Sarà la neozelandese Laurel Hubbard, la prima transgender della storia delle olimpiadi a partecipare ai Giochi di Tokyo. Figlia dell’ex sindaco di Auckland, gareggerà a 43 anni nel sollevamento pesi, categoria +87 e risulta tra le favorite per la medaglia d’oro. Hubbard quattro anni fa si è sottoposta a un intervento per la transizione dal sesso maschile a quello femminile, e successivamente alle cure per stabilizzare gli ormoni. Oggi la sua condizione risponde ai criteri indicati dal Cio nel 2015, che fissano il testosterone al di sotto dei 10 nanomoli a litro. Una decisione che consente ai transgender di gareggiare sia in campo maschile che femminile, ma per abbassare il testosterone è necessario fare cure farmaceutiche lunghe e costose. Se i neozelandesi hanno sostenuto Laurel Hubbard pubblicamente per la sua scelta di cambiare sesso, a cominciare dal Comitato olimpico della Nuova Zelanda, la decisione del Cio di ammetterla alle gare ha scatenato le polemiche tra le concorrenti, che vedono Laurel già sul podio.

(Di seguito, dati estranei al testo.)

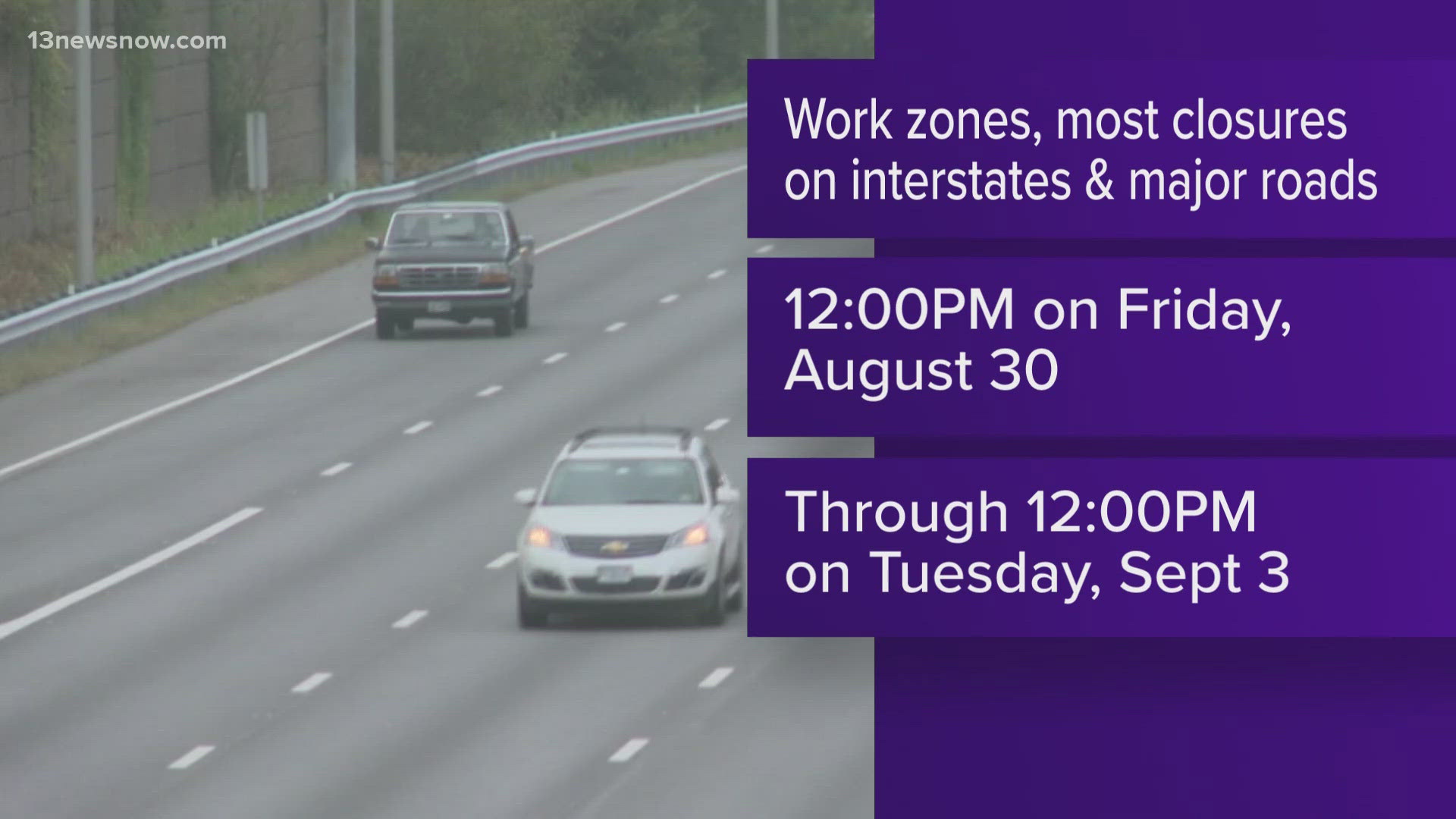 Semi-permanent work zones will remain in place.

SITUAZIONE OPPOSTA è quella in cui si trova la campionessa olimpica degli 800 metri Caster Semeneya, affetta da iperandrogenismo, cioè una produzione naturale di testosterone di gran lunga al di sopra della media, tale da spingere la Federazione internazionale di atletica leggera (Iaaf) a sospenderla dalle gare per sottoporla a un’indagine approfondita dei suoi livelli ormonali. Semeneya, riammessa dal Cio alle gare dopo estenuanti discussioni e umiliazioni pubbliche sul suo sesso, avrebbe dovuto sottoporsi alle cure farmacologiche per abbassare i valori di testosterone, ma si è rifiutata, non trattandosi di cambiamento di sesso come nel caso di Laurel Hubbard. La decisione estrema di Semeneya pone una questione che il potere del Cio, costituito da uomini saldamente al comando, ha liquidato con l’intransigenza tipica del maschilismo sportivo, che ha trovato un alleato nel silenzio generale della stampa sportiva.